I doubt that anyone would have trouble moving that car because of the color...anyone want to start a poll?


----------



## davros (Jun 28, 2007)

This is my current steed, our demonstrator - obviously they took inspiration from this :chuckle:









Stripes aren't on it anymore by the way, just temporary for my Le Mans pilgimage last year!!


----------



## Hugo (Oct 1, 2007)

Oh shit! that thing GOES! 

It should have been even brighter orange, like Lambo!
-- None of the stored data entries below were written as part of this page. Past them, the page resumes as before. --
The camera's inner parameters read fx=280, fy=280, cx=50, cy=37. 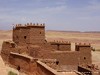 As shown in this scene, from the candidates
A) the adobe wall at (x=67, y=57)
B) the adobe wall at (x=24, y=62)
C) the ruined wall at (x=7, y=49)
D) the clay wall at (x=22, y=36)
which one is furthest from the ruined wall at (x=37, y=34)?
the adobe wall at (x=24, y=62)

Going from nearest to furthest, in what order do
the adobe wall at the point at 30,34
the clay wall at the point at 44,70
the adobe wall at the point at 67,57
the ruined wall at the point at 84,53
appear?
1. the clay wall at the point at 44,70
2. the adobe wall at the point at 67,57
3. the adobe wall at the point at 30,34
4. the ruined wall at the point at 84,53

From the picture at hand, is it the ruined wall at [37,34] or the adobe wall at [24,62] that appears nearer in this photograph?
the adobe wall at [24,62]

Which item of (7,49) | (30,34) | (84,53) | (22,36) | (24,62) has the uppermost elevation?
(30,34)

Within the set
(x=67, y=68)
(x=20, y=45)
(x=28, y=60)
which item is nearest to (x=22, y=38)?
(x=20, y=45)

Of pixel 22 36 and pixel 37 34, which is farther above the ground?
pixel 37 34

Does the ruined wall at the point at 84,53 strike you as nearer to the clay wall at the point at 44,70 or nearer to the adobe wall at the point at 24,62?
the adobe wall at the point at 24,62

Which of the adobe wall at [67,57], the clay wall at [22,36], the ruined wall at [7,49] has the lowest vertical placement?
the adobe wall at [67,57]

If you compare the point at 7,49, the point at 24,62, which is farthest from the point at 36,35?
the point at 24,62

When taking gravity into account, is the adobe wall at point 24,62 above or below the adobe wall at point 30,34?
below

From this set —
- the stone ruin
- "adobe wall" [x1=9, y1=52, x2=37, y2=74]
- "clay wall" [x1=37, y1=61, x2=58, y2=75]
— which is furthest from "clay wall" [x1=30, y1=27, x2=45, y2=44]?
"clay wall" [x1=37, y1=61, x2=58, y2=75]

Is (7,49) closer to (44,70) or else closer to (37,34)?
(37,34)

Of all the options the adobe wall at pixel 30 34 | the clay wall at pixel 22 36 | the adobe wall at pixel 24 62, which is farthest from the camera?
the clay wall at pixel 22 36

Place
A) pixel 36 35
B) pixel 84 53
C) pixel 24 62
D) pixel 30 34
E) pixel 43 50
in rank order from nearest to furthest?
pixel 24 62
pixel 43 50
pixel 30 34
pixel 36 35
pixel 84 53

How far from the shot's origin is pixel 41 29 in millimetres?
37188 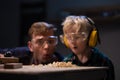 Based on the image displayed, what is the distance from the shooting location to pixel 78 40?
55.2 inches

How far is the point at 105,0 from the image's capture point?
9.74ft

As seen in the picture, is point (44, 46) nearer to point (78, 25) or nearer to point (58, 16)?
point (78, 25)

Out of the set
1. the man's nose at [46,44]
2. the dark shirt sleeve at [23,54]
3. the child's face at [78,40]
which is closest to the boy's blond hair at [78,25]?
the child's face at [78,40]

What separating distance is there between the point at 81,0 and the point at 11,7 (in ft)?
3.02

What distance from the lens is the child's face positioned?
1.40 meters

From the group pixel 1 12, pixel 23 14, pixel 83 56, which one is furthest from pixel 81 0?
pixel 83 56

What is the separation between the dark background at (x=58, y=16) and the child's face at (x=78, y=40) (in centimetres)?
81

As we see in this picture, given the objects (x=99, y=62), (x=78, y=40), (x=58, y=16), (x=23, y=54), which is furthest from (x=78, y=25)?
(x=58, y=16)

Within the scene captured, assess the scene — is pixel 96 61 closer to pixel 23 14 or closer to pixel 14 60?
pixel 14 60

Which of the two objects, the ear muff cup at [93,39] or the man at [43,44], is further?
the man at [43,44]

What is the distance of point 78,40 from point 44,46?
0.77ft

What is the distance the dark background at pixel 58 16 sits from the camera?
239 cm

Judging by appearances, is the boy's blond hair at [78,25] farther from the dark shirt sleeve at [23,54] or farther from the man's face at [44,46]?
the dark shirt sleeve at [23,54]

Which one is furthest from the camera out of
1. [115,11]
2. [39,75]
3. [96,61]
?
[115,11] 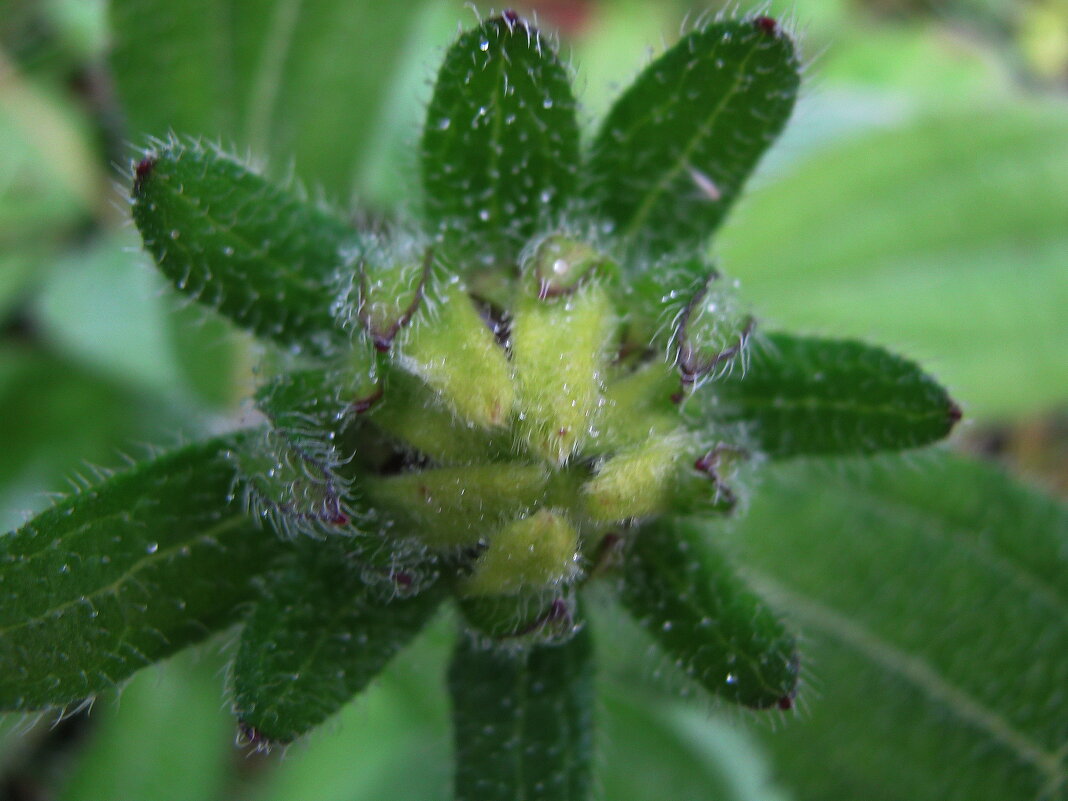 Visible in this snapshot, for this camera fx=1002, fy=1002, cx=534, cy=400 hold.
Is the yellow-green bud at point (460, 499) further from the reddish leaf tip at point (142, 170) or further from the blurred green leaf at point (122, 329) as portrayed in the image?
the blurred green leaf at point (122, 329)

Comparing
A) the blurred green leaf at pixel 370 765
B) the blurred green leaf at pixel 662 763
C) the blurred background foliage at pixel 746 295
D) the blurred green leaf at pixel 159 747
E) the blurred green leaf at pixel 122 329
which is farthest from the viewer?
the blurred green leaf at pixel 159 747

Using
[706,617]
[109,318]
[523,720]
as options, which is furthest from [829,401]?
[109,318]

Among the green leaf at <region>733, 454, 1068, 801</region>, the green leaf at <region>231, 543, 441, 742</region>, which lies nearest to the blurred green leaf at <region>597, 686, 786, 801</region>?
the green leaf at <region>733, 454, 1068, 801</region>

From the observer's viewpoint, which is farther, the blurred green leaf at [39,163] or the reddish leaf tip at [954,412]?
the blurred green leaf at [39,163]

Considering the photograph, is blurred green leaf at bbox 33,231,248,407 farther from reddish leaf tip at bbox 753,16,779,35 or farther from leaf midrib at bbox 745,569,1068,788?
reddish leaf tip at bbox 753,16,779,35

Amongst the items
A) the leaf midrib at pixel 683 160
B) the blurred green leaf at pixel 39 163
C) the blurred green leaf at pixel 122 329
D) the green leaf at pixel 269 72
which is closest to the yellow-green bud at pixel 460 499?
the leaf midrib at pixel 683 160

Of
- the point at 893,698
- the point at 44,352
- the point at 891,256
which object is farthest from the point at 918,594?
the point at 44,352

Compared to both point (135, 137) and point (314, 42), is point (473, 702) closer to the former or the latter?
point (135, 137)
Or it's just the pictures..


----------



## bkvj (Feb 13, 2006)

that sounds awesome.

had to be darker for me though (the proper lamborghini orange)


----------



## canman (Jul 7, 2001)

Hmmmmmmmm well I still don't like the look of the car or the colour..............seems I'm on my own there 

Can understand why the companies made it that colour for promotion though.


----------



## Kanzen (Aug 2, 2007)

I'm not usually one for lairly paint jobs but wow, that does look good !


----------



## Howsie (Feb 25, 2002)

myline said:


> there are class colours and fun for a day.
> 
> this is fun for a day, quite sweet but not class.
> 
> but a very nice car under the paint.


WTF do you purport to know about class? You don’t even start a sentence with a capital letter.


----------



## irshad (Aug 5, 2006)

*who painted the orange r35?*

what is the bodyshop in japan?
thankx


----------



## Pharoahe (Mar 11, 2006)

The designer of the car is called Harrison


----------



## irshad (Aug 5, 2006)

i know it, but does he have any kind of contact? 
thankx anyway!!!


----------